The Financial Conduct Authority (FCA) has its sights set on a new target - the handling of complaints on payment protection insurance (PPI).
The City regulator will investigate whether banks are taking the necessary measures to secure “appropriate protection for consumers” and will reveal its findings in the summer.
In August last year the FCA ordered more than 2.5m claims to be re-examined to ensure compensation for mis-sold PPI was “fairly made”.
The regulator has recommended any consumers who believe they were mis-sold PPI should pester the firm as much as possible with their complaints and contact the Financial Ombudsman Service if they are not satisfied with the response.
More than 14m complaints over PPI have been made - 70 per cent of which have been upheld. So far, banks have had to pay out £17.3bn in compensation.
Banks such as Lloyd's, RBS and HSBC have set aside hundreds of millions in provisions to cover costs.

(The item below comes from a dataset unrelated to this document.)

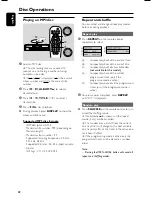 Preview for 22 page of Philips FWM779 User Manual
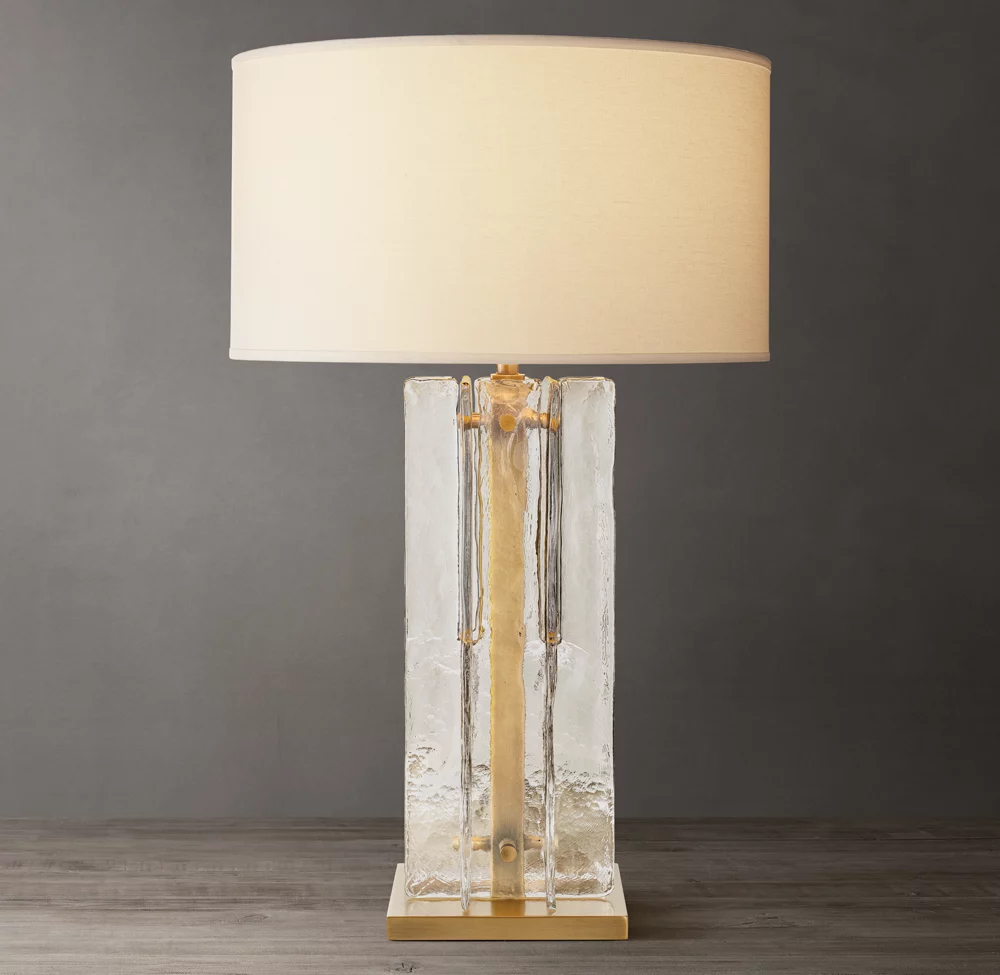 Lattice Clear Glass Table Lamp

An official statement said:
The FCA will use this evidence to assess whether the current approach is continuing to meet its objectives of securing appropriate protection for consumers and enhancing the integrity of the UK’s financial system.The FCA will then consider whether further interventions may be appropriate - which could include a consumer communication campaign; a possible time limit on complaints; or other rule changes or guidance - or whether the continuation of the PPI scheme in its current form best meets its objectives.